Various processing methods for images degraded by the underwater environment have been developed in the past years. Traditional methods include image restoration and image enhancement. For image restoration methods [10, 11, 12, 13, 14, 15]
, the degradation model of underwater optical imaging is taken into consideration for reconstructing the images. Most of these methods are difficult to simulate and recover the complex underwater imaging process by estimating only a few parameters. They can only alleviate the color casts and blur effect of underwater images to a certain extent. While image enhancement techniques[6, 16, 17, 18] focus on adjusting image pixel values to acquire satisfactory results without depending on imaging model, they can only generate a single enhancement effect on various underwater images globally regardless of image style and imaging process. In addition, due to the lack of abundant training data, these traditional methods display poor generalization performance in different underwater images, and some of the results tend to be over-enhanced or under-enhanced.
, powerful supervised learning models have obtained convincing success. Generally, these networks require large amounts of labeled data. However, images obtained in harsh and complex underwater scenario lack ground truth, which is a major hindrance towards adopting a similar supervised approach for correction.

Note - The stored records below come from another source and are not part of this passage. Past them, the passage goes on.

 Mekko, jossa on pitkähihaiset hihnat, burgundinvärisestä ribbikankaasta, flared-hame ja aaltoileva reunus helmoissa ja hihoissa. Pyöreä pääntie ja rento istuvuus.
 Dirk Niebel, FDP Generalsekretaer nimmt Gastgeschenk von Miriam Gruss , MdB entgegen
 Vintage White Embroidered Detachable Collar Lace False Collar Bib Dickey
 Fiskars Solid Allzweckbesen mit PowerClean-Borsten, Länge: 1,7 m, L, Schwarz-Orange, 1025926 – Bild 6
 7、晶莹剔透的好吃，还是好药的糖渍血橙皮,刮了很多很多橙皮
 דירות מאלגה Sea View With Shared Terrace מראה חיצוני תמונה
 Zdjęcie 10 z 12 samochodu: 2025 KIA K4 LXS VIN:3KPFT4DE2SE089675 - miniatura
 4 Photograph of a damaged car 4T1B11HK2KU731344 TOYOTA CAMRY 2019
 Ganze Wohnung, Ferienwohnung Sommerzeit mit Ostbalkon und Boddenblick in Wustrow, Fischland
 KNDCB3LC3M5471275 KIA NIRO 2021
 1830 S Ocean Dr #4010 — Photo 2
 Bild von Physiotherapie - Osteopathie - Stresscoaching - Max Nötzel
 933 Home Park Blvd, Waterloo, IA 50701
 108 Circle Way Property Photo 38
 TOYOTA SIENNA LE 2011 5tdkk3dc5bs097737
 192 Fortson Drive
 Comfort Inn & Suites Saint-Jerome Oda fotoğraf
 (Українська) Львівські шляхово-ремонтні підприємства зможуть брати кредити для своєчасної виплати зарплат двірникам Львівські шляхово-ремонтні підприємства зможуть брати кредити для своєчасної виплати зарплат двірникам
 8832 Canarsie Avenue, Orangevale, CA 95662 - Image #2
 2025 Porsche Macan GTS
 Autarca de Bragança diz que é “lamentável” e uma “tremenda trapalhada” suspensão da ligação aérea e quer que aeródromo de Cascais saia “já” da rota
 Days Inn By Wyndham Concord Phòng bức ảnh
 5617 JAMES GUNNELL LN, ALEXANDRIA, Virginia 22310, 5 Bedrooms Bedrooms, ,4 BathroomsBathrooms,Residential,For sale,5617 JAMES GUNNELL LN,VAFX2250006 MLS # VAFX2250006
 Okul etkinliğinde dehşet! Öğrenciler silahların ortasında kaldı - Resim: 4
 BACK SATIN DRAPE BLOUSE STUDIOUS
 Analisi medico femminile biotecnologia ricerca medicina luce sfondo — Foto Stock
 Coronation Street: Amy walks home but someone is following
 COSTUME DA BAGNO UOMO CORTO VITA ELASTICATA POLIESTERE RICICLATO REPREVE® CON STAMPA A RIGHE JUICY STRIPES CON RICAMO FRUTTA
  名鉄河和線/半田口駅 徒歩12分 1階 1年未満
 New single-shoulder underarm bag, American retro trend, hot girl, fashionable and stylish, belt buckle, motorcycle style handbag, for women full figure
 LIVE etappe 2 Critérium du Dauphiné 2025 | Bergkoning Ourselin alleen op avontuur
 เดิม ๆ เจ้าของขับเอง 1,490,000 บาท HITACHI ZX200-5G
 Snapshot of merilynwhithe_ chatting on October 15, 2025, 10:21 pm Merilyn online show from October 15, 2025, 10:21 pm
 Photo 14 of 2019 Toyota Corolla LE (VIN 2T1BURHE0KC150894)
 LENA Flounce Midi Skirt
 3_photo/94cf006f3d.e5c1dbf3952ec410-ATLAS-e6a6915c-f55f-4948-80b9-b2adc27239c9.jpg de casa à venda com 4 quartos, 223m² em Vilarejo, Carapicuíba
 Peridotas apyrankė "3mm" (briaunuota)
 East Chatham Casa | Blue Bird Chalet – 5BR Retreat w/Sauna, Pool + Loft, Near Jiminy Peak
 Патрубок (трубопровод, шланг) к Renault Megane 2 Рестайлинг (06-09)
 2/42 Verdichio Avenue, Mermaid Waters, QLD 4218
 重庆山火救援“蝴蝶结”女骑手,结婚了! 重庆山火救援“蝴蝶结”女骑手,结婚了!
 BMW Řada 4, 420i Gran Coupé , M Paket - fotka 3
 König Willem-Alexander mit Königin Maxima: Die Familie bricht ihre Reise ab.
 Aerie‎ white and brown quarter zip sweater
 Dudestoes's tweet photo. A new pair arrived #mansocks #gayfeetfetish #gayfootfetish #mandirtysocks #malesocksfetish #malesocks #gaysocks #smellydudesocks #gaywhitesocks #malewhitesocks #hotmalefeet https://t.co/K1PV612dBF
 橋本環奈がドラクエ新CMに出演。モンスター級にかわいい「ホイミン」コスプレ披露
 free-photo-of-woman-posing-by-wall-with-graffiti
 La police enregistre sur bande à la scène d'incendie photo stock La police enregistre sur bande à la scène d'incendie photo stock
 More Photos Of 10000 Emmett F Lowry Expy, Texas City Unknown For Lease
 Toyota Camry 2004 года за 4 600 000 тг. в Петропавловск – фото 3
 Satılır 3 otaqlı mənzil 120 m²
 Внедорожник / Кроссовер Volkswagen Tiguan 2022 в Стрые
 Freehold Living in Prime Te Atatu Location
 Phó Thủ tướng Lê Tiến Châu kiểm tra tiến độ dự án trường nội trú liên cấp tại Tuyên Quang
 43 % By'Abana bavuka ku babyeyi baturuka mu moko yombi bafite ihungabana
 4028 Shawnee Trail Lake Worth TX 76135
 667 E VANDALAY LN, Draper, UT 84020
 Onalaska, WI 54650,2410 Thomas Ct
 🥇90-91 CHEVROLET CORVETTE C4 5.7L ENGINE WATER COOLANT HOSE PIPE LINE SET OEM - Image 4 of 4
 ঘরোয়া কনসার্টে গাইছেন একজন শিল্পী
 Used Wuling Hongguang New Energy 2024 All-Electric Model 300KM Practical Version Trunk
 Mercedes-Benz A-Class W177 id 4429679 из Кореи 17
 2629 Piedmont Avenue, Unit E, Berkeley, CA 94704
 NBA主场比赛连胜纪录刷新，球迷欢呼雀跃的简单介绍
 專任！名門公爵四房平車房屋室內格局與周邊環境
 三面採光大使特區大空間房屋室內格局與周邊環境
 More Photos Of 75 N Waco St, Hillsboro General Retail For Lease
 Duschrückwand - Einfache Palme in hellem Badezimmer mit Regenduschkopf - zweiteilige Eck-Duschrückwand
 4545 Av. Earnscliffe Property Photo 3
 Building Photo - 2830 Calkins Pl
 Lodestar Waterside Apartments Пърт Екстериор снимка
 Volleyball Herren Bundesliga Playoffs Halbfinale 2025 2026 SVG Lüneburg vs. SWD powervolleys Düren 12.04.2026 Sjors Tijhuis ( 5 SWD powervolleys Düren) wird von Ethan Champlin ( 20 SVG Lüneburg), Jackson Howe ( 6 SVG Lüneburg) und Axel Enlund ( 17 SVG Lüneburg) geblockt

Some researchers try to solve the problem of the lack of ground truth in underwater images (by synthesizing paired underwater images from in-air data or proposing new weakly supervise constraint), and perform underwater image enhancement tasks through deep learning methods[23, 24, 25, 26, 27, 28, 29]. However, underwater images synthesized by existing algorithms such as through physical models have a single style, which have visual differences and inter-domain differences with diverse real-world underwater images. Simultaneously, due to the complexity of the underwater image enhancement problem, e.g., the solution space of the corresponding problem is too large, a simple feed-forward network or generator with a random initialization is unable to estimate the solution well, and the weakly supervised constraint or only the adversarial loss does not ensure that the contents of the outputs are consistent with those of the inputs. So these algorithms are still less effective enough, it is still necessary to develop underwater image synthesis and enhancement methods for superior underwater visual quality and improve the performance of high-level vision tasks.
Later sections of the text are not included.